AIM OF THE TASK
Using the entries below, quote exactly the span of lines that begins with the line containing "2019 Škoda Octavia" and ends with the final line.

----- EXERCISE INPUT

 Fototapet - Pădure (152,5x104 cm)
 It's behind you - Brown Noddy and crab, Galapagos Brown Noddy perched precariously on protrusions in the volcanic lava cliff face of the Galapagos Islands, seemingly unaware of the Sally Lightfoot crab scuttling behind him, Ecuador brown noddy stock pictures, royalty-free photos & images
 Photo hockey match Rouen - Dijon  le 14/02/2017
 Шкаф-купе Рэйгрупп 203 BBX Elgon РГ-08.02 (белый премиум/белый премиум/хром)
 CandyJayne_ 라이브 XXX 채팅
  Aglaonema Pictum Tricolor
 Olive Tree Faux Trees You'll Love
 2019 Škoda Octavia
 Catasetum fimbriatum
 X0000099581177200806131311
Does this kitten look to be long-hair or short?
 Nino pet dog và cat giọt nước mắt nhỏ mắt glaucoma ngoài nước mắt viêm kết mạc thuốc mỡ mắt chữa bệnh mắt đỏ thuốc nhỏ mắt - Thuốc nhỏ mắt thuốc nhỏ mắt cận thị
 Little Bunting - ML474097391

----------

RESULT FOR THIS EXERCISE
 2019 Škoda Octavia
 Catasetum fimbriatum
 X0000099581177200806131311
Does this kitten look to be long-hair or short?
 Nino pet dog và cat giọt nước mắt nhỏ mắt glaucoma ngoài nước mắt viêm kết mạc thuốc mỡ mắt chữa bệnh mắt đỏ thuốc nhỏ mắt - Thuốc nhỏ mắt thuốc nhỏ mắt cận thị
 Little Bunting - ML474097391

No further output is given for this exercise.